I can only repeat what was previously stated, in that tactician mode has presented no discernible challenge so far because it’s simply extended the length of battles without creating any imaginative difficulty.
I don’t want to post any spoliers, but (and I'm trying to be as general as possible) there’s one particular fight in the blackpits against a group of oil slugs that’s been one of the highlights for me so far. This is a very cunningly designed fight that exemplifies what tactician mode should really be. The placement of the oil spills. The inevitable fire blaze that results. And then the fire immune/resistant slugs that appear later are all very devious contrivances that kept my non-overpowered party on its toes, forced me to actually think laterally and the result was highly rewarding.

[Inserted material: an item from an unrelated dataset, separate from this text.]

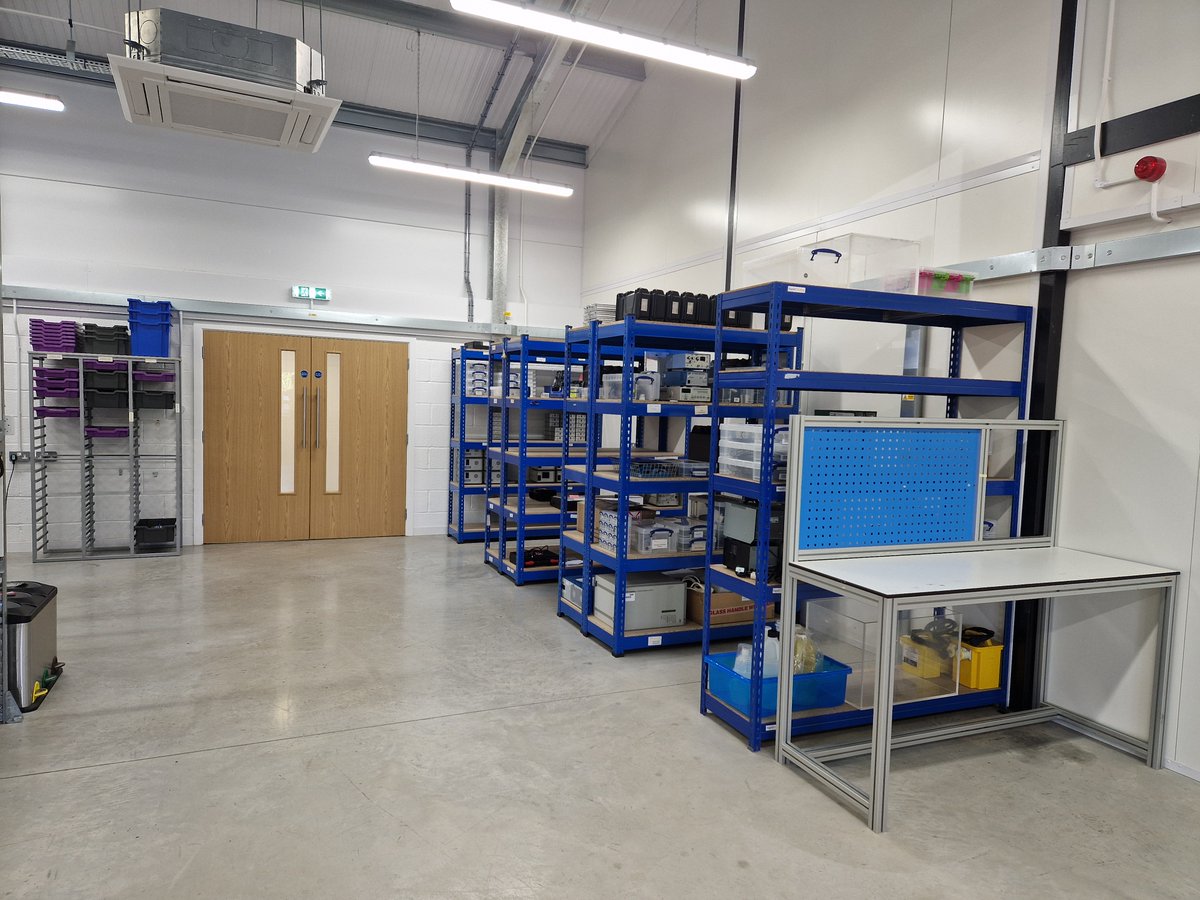 Hydrophones's tweet photo. Last week we re-organised our lab storage area, streamlining our lab processes, creating goods in and out holding areas, as well as creating a new workspace for our engineers. 

These changes aren't just cosmetic, they maximise productivity and minimise waste!

#LEAN #LEANLab https://t.co/yycGHle6rZ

There was no banal inflation of stats. Just very cunning design.
It was a tense battle for a party of non-exploitative builds, fairly levelled, using no cheese tactics or overpowered skills. To me, this is the way the game should be played, and it’s how tactician mode should have been structured – with clever ‘twists’ mid combat that keep you on your toes.

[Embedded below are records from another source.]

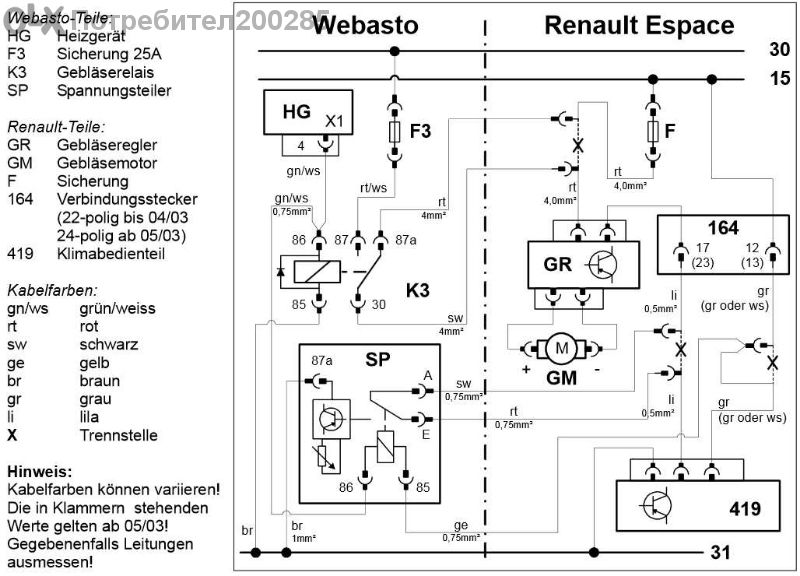 Вебасто (webasto Ipcu Module)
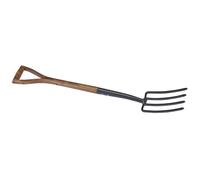 Draper Carbon Steel Border Fork with Ash Handle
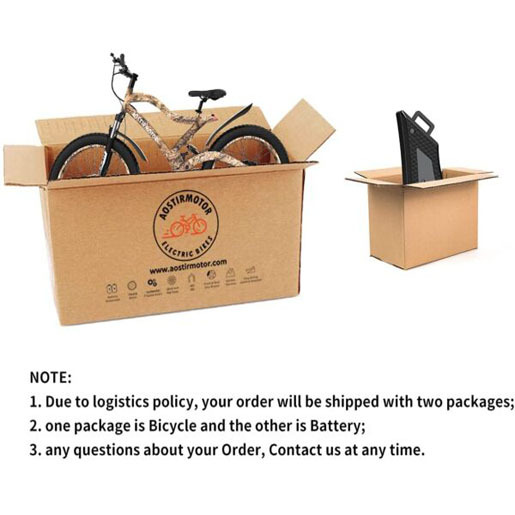 AOSTIRMOTOR Fat Tire Electric Bike 1500W Electric Mountain Bike 48V 15AH Removable Lithium Battery 26 inch 4 inch Electric Bike Suitable for Adult Power Bike Suitable for Bicycle Lovers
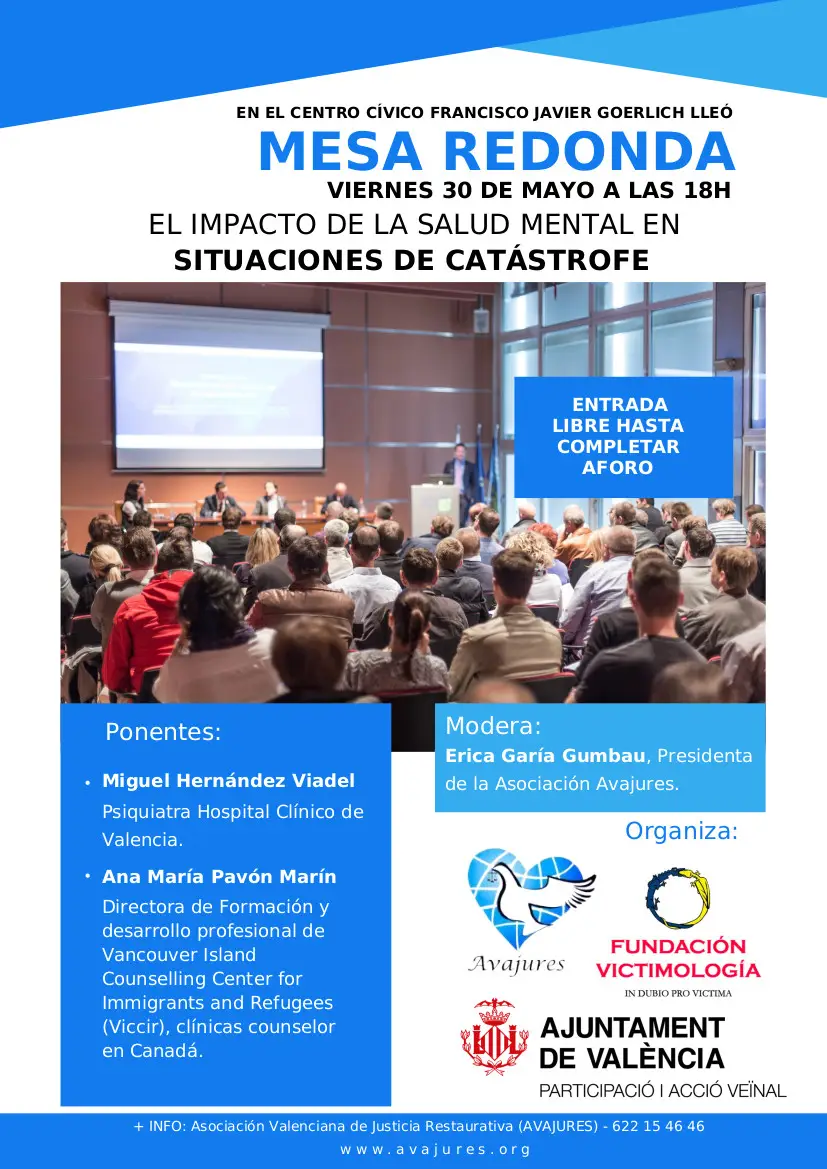 Mesa Redonda Salud Mental Catastrofes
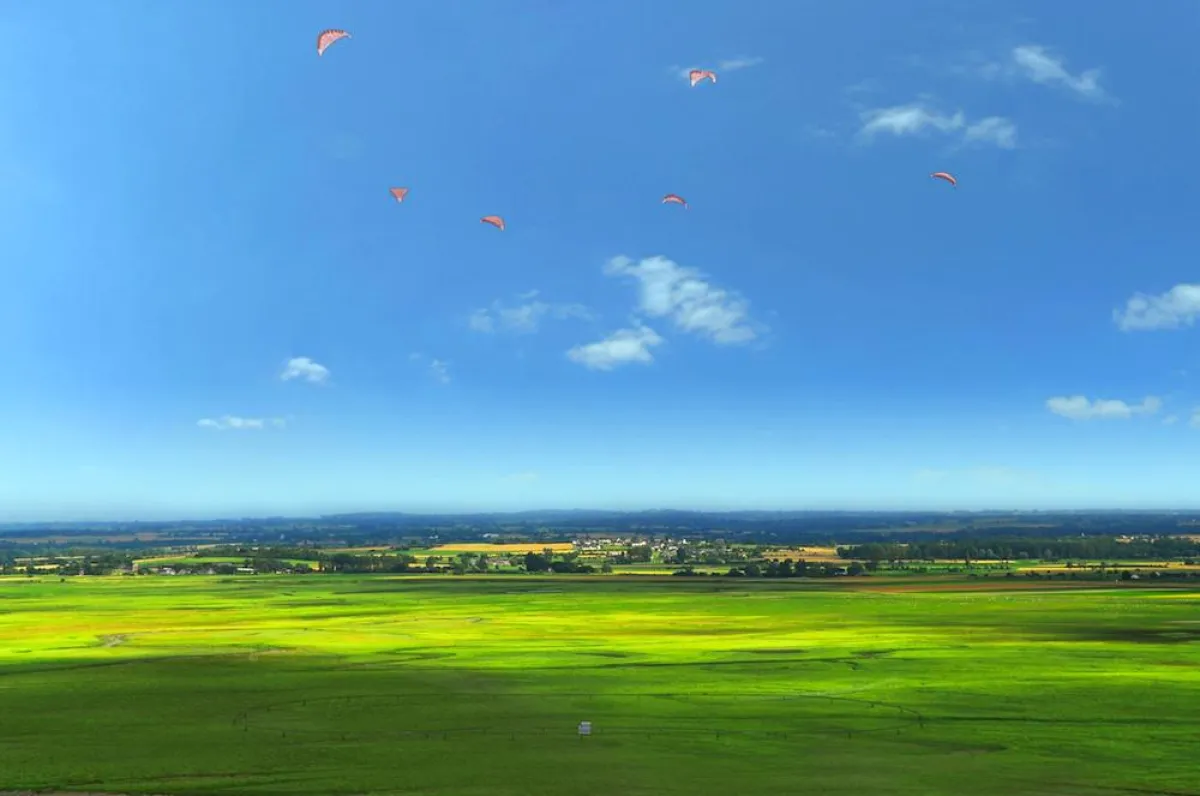 Die X-Wind Anlagen sind in der Landschaft praktisch unsichtbar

Of course, the ingenuity here all hinged around the randomness of the enemy encounters. You never knew how many enemies you were going to face, or what their strengths/weaknesses were going to be. All of the ‘random’ encounters in the game so far (read: battles introduce random enemies at random intervals) have been the most engaging. That’s why I support more randomness, especially for tactician mode.

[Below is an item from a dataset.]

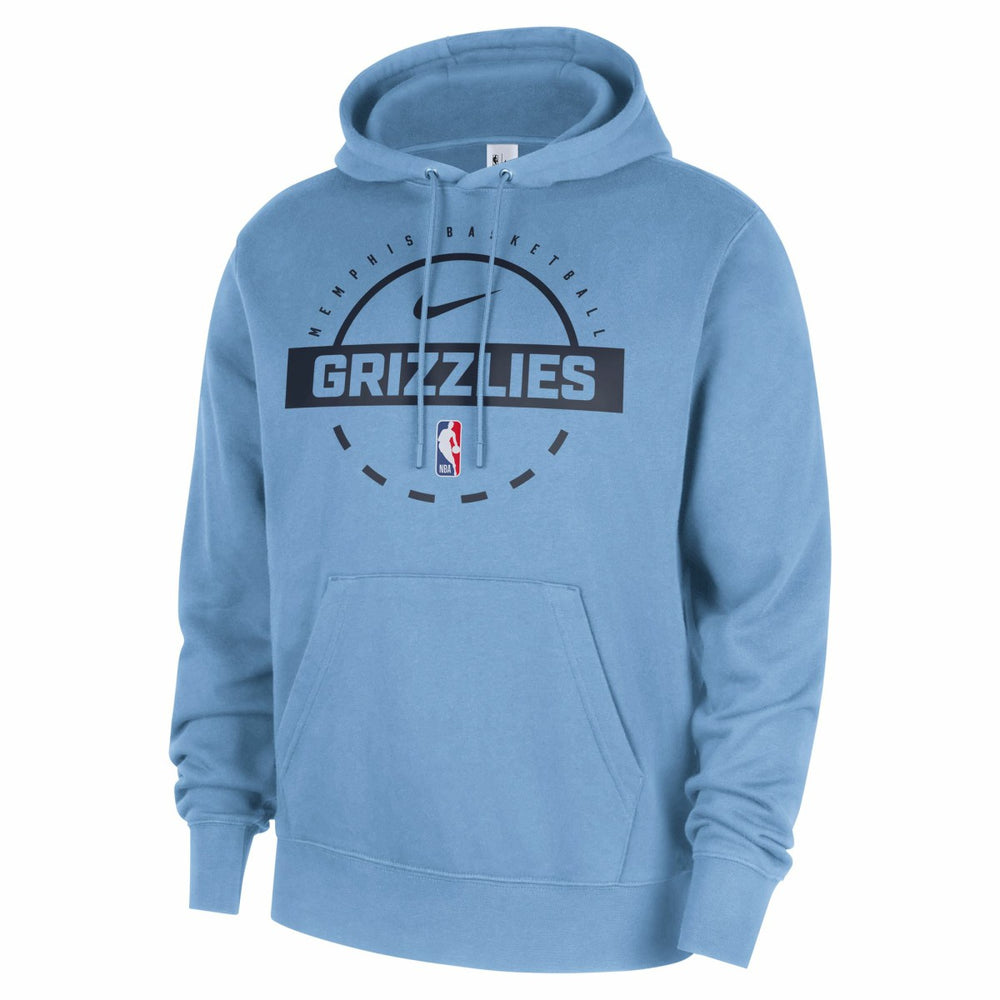 Light Blue Memphis Grizzlies 2025/26 Authentic Practice Club Pullover Hoodie | NBA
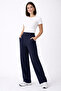 Women's Lycra Velcro Closure Navy Blue Palazzo Pants - 3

The inflated stats are merely a chore. With enough workmanlike dedication, you can win – but there’s no sense of reward, since I never felt I had to use my imagination in the same way as the oil slug battle. It’s simply chipping away, chipping away, chipping away until Goliath falls – and it was never a challenge. Never ‘difficult’, because you merely use the same workmanlike strategy over and over to whittle down the inflated health. I won all of the tactician mode fights I fought. And thought all of them cheaply designed in the extreme.